Em O Estado que nos Educa, FSP, 11/1/2020
As análises “técnicas” contaminaram-se de (pre)conceitos políticos. Aos poucos, num processo que jamais se completou, eliminaram-se inúmeras obras “desviantes”.
A revolução escolar atingiu livros de exatas e biológicas —mas, claro, teve impacto maior nos de humanas. Na era pós-Muro de Berlim, um marxismo outonal, diluído em caldos de anti-imperialismo, terceiro-mundismo e multiculturalismo, passou a impregnar a maior parte dos livros de história e geografia.
Siga o dinheiro: as editoras jamais reclamaram —antes, pelo contrário, assumiram o papel de correias de pressão sobre autores recalcitrantes.
As obras “de qualidade” deviam trafegar pelos circuitos do antiamericanismo ritual, da denúncia da “história ocidental”, da idealização romântica da África pré-colonial. A política identitária desceu como uma sombra sobre os textos escolares.
A escravidão moderna passou a ser explicada pela chave do racismo, não pela lógica do sistema mercantil colonial. A campanha abolicionista foi expulsa do palco iluminado da história brasileira. Zumbi dos Palmares transformou-se no ícone absoluto da luta antiescravista.
Confundimos o dever estatal de financiar a educação pública com o poder abusivo reivindicado pelo governo de invadir as salas de aula e moldar o discurso dos professores.
Como em toda revolução que não se sabe sê-lo, os seguidores de Chico Buarque e os professores desses conselhos nunca souberam que estavam mudando a história. Naquele momento, estavam, inocentemente, lutando contra a opressão do Estado. Sem saber que, talvez, estivessem produzindo outra.
O que Jair Bolsonaro e sua turma tentam agora, ao defender que os livros didáticos “serão feitos por nós”, na ideia equivocada de que, como lembra Magnoli, o Estado tem o direito de educar o povo.
Inocentes ideológicos
É também tentador e igualmente estúpido apregoar que “estamos fazendo uma revolução”, como gostam de fazer os governantes de primeira viagem. Como faz agora a ala dos inocentes ideológicos do governo Bolsonaro, os pobres diabos que reproduzem o discurso do chefe sem medo de cair no ridículo.
Eles também acham que estão fazendo a revolução que vai dar resultados daqui a 20 anos, como já pontificou a respeito o guru da turma, Olavo de Carvalho.
Porque elas podem simplesmente não acontecerem, não o serem no futuro. Nossa história é cheia de cadáveres de políticos que se predestinaram a ficar 20 anos no poder e quebraram a cara na primeira esquina do tempo. Tucanos e petistas são os exemplos mais recentes.

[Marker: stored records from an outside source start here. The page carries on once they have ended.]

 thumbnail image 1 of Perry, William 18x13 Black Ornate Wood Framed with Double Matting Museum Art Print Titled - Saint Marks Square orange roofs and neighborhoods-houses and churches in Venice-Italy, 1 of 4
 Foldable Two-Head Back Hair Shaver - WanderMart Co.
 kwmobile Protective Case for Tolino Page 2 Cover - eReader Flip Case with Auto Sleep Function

Não tiveram/têm a grandeza de ver ou a humildade de saber que não se as fazem. São produto de um tempo e de mudanças em curso que determinados personagens as encarnam. Por uma conjunção de fatores, surfam nelas. E passam à história.

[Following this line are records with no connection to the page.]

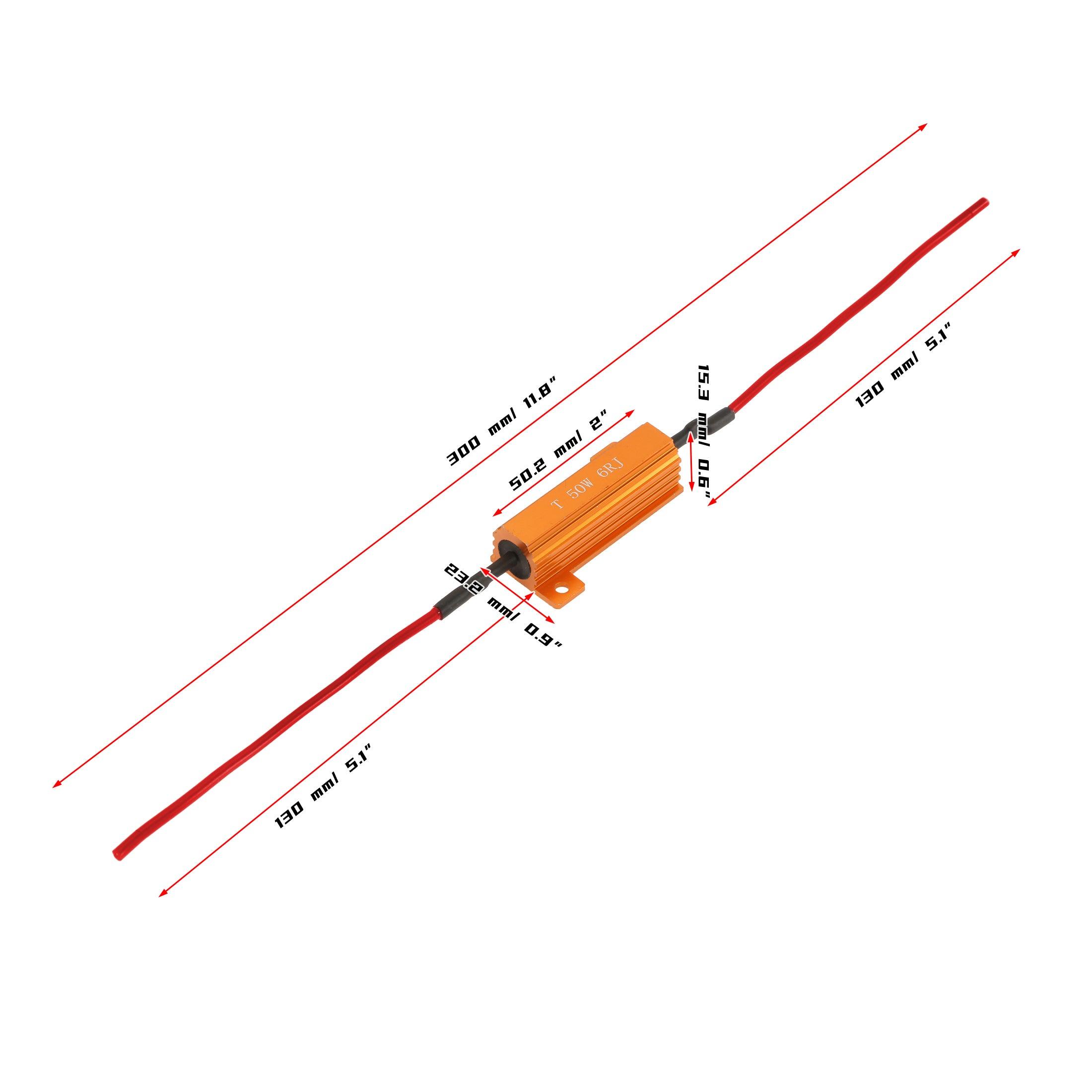 Auxbeam DIY CANBUS Anti-Flicker Resistors Decoder – Prevent Hyper Flash, Fix Turn Signal Blink & Dashboard Error Codes
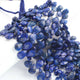 1  Strand Lapis Faceted Briolettes -Pear Shape Briolettes -9mmx7mm- - 8 Inches BR02710 - Tucson Beads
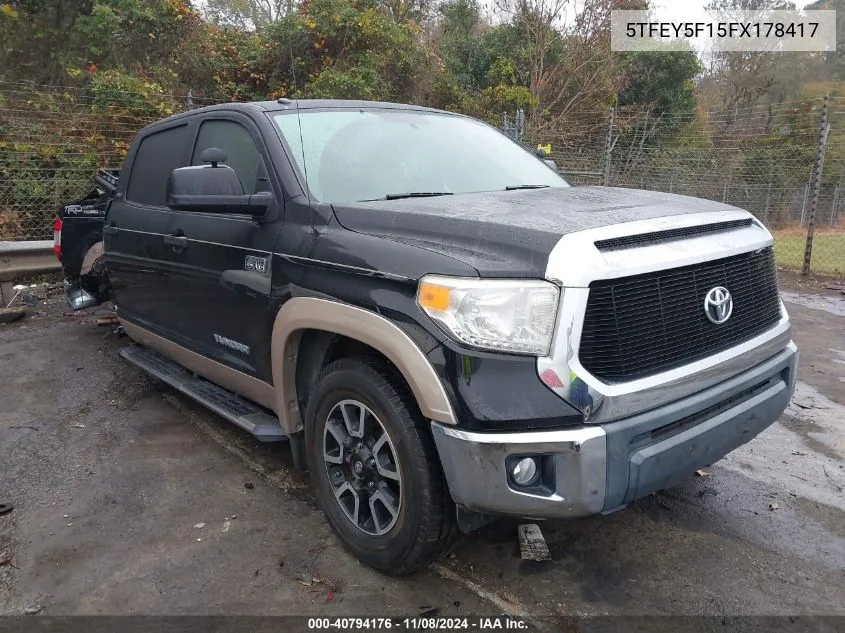 2015 Toyota Tundra Sr5 5.7L V8 VIN: 5TFEY5F15FX178417 Lot: 40794176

Jair Bolsonaro encarna hoje um desejo de mudança que vinha de longe, assim como Lula a seu tempo, FHC e Collor antes dele, Tancredo mais atrás e os militares bem antes, todos casos em que a sociedade ansiava algo bem diferente do que via.
Está no terreno das mudanças em curso, não de revoluções.
Regina Duarte, que não fez revolução alguma mas pode ter encarnado o espírito do tempo em determinados momentos, não deve fazer, tomara, nenhuma revolução na Secretaria Especial de Cultura.
Será tanto melhor quanto menos pretender se arvorar a mudar o curso da história. Como pretendeu seu antecessor, Roberto Alvim, que pregava como nova uma ideia dos anos 30 da revolução comunista que o homem da propaganda de Hitler encampou: o realismo engajado na arte, que nunca deu nada que preste.
Se fizer o arroz com feijão de abrir o órgão público de fomento da cultura para estimular a produção, sem censura e sem feudos, aí sim poderá começar uma revolução que, em 20 anos, tire o mofo de suas prateleiras e de suas ideias.